[Opening Records for the task section]

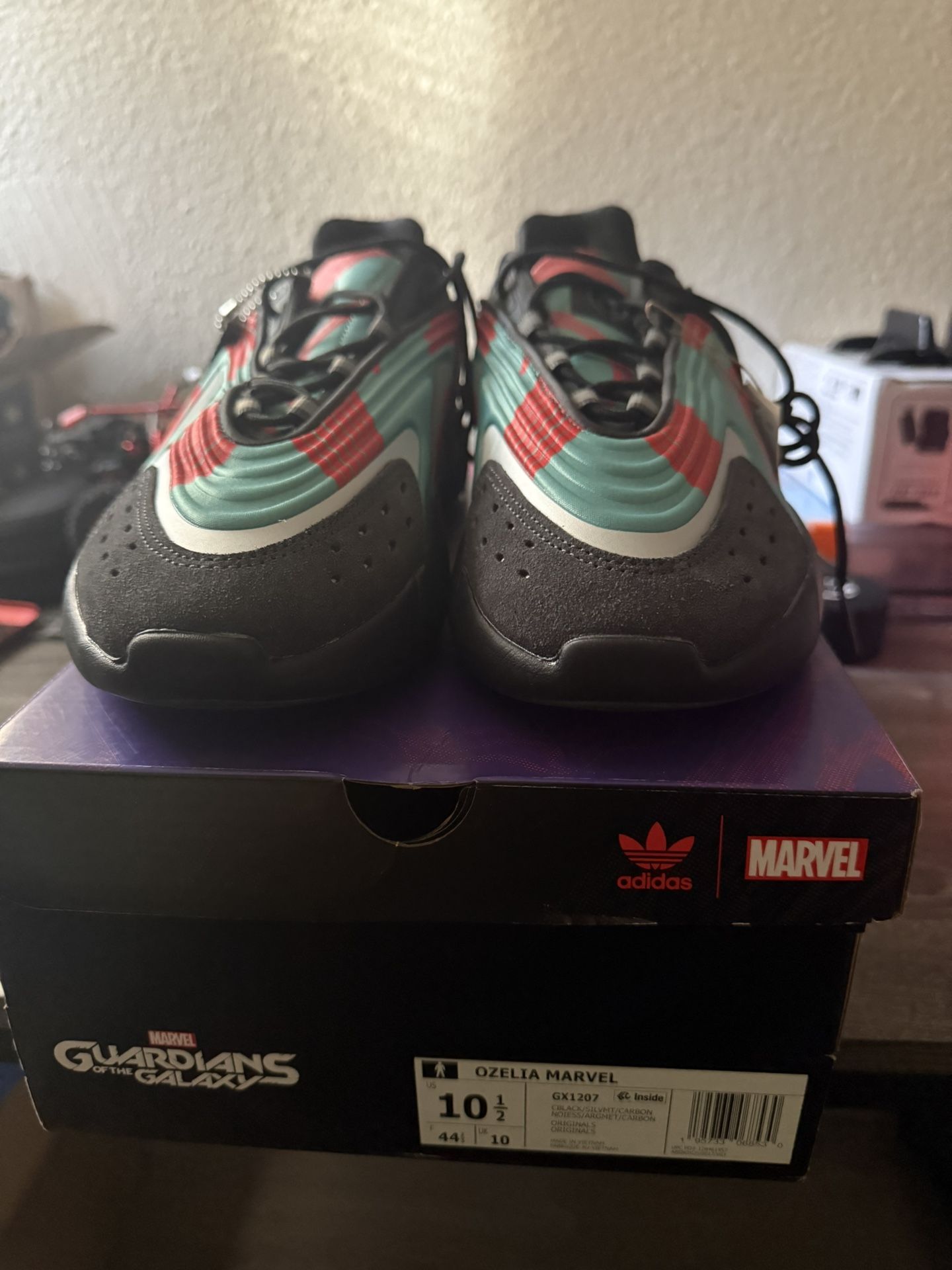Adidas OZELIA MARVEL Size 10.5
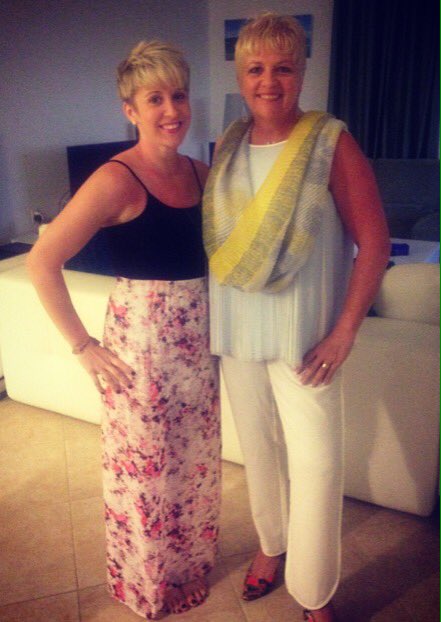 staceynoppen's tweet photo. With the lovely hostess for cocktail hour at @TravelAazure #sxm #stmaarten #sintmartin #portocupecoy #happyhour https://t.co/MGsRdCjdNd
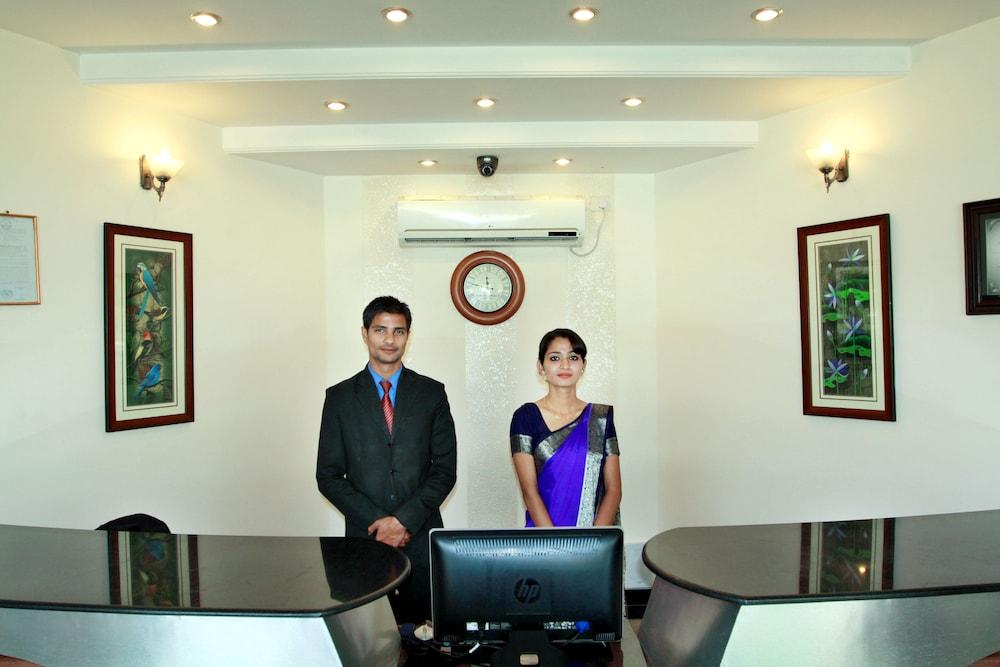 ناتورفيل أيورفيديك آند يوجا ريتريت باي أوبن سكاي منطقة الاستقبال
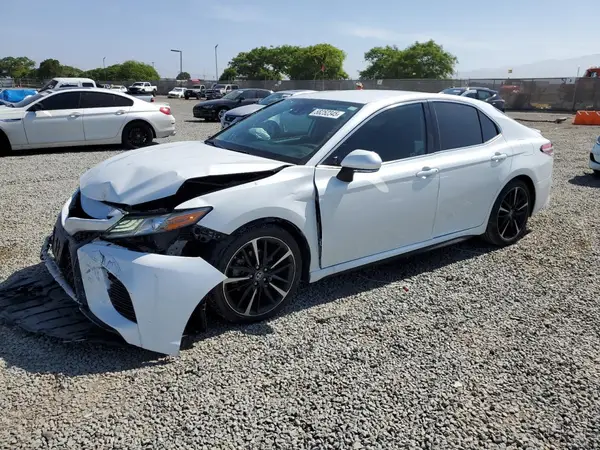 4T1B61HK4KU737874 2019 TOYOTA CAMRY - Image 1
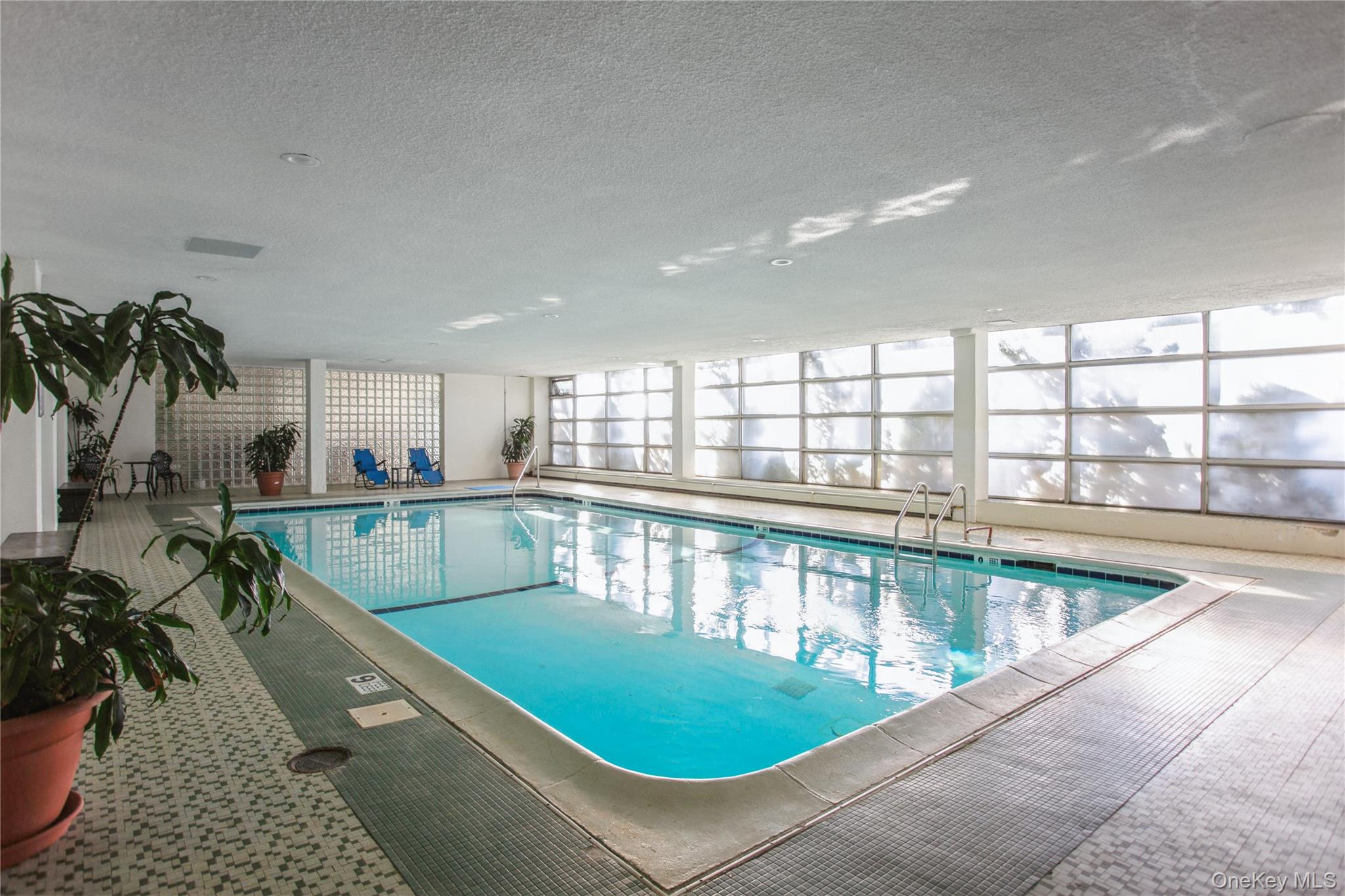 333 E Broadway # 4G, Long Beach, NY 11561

[Closing Records for the task section]

# Exercise details
From the line containing "ناتورفيل أيورفيديك آند" through the last line of the listing, inclusive, transcribe every line exactly and nothing else; the pictures stay out.

# Answer section
 ناتورفيل أيورفيديك آند يوجا ريتريت باي أوبن سكاي منطقة الاستقبال
 4T1B61HK4KU737874 2019 TOYOTA CAMRY - Image 1
 333 E Broadway # 4G, Long Beach, NY 11561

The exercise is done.